Hayatımızda yaşadığımız bir çok sıkıntı var. Bunların en başında işten atılma, birinin kaybı (özellikle eş ve çocuk kaybı) gibi acılar başta yer alıyor. Ancak bir travma var ki bence bunların hepsinden çok daha ilginç bir yapıya sahip : Ayrılık
Ayrılık sürecini iki bakış acısıyla yani terkeden ve terkedilen olarak inceleyebiliriz. Burada özellikle bu travmayı atlatması daha zor olan ve süreci uzun olan terkedilen tarafından olayı analiz edeceğiz.
Ayrılığın terkedilen tarafından aslında genelde bir çok kişi için aynı safhaları vardır.
-ilk 3 gün hiç bir şeyi anlamama günleri : Kişi “ayrılık” durumun tam olarak farkına varmaz. Hatta bu ona rahatlatıcı ve eğlenceli bile gelebilir. Kendini iyi hisseder. Ama kaçtığı ve eksik bıraktığı birşeyler olduğunu içinde hisseder. Sosyalleşme bir anda çok artar.
-2. hafta ruhsal ve duygusal çöküntü : Ayrılığın en ağır dönemidir. Sürekli olarak ayrınılan insanla muhtemel temasın yapılmak istendiği ve bu tür temasların önemli bir kısmınında kötü sonuçlandığı dönemdir. Kişinin içki veya sakinleştirici ilaç tüketimi çok artar. Bu durumda kişinin vücudu acı eşiğinin en tepe noktalarına ulaşır. Vucüd bundan kurtulmak ister ancak kişinin beyinsel aktivitesi buna izin vermez. Sürekli uyku ya da sıfır uyku söz konusu olur.
-3. haftadan 8. haftaya kadar bipolar düzensizlik(manik-depresyon) : Kişi ile birileri özellikle karşı cins ilgilendiği zaman aşırı güven, ilgilenmediği ve kendini boş hissettiği zaman ise aşırı bir depresyon durumu söz konusudur. Bu da ikinci zor dönemdir. Buradaki düzensizlik sürekli hale gelirse sürekli depresyon olabilir. TV izleme ve yalnız kalmama duygusu çok ağırdır. Yol ve telefon masraflarında çok ciddi artışlar gözükür.

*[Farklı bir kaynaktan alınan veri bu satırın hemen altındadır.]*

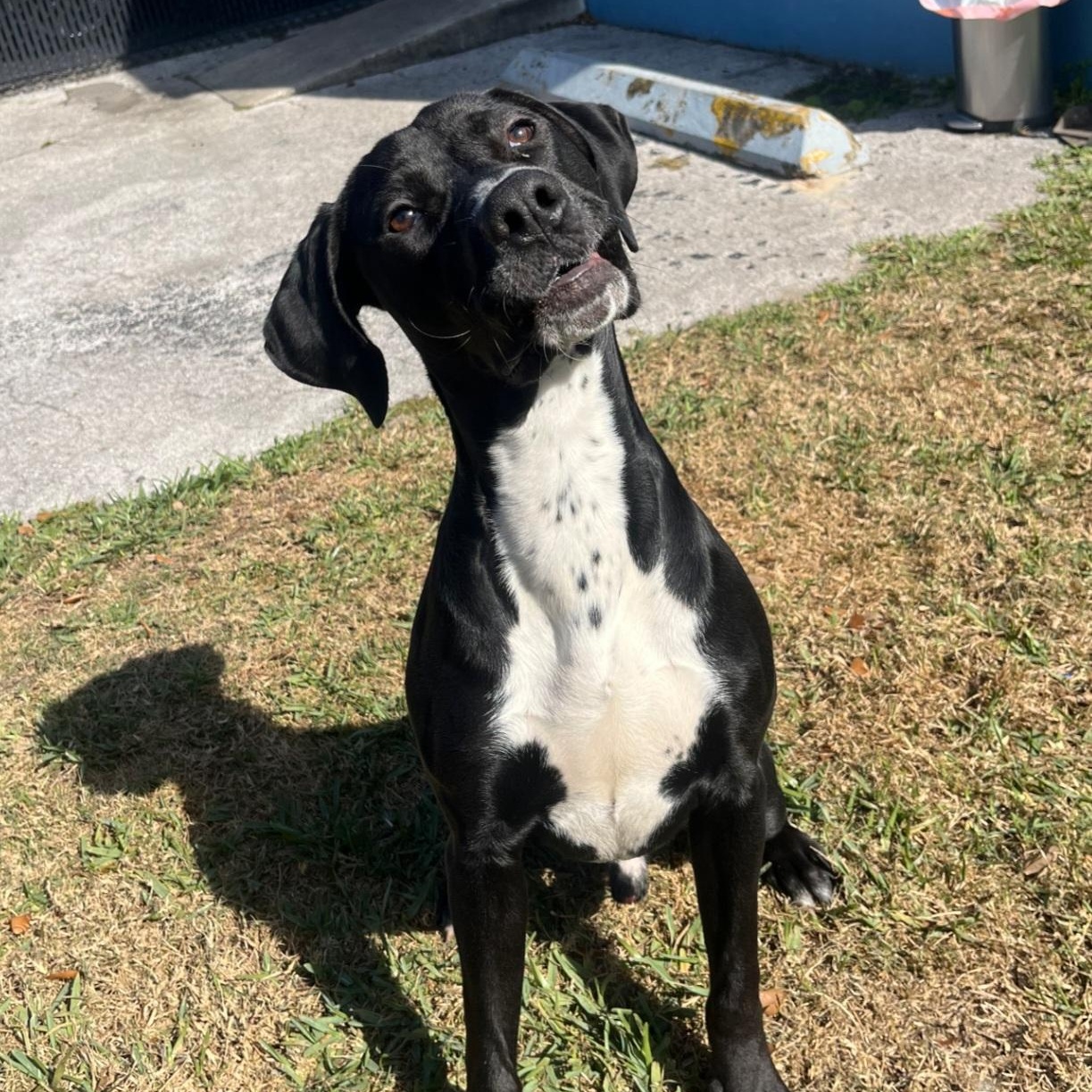 Roz, ADOPTABLE, Young Male Great Dane & Hound.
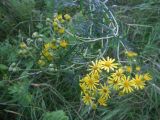 Senecio jacobaea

-8. hafta ve sonrası anlık travmalar kısa ama etkili : Kişinin aklına arada gelen imajlar, yaşanmışlıklar kısa süreli travmalara yol açar.
-10. hafta dan sonra iyileşme ve manik depresyon arasındaki dönemlerin uzaması : Kişi artık iyileşmeye ve sosyalleşme sürecini daha istikrarlı yaşamaya başlamıştır.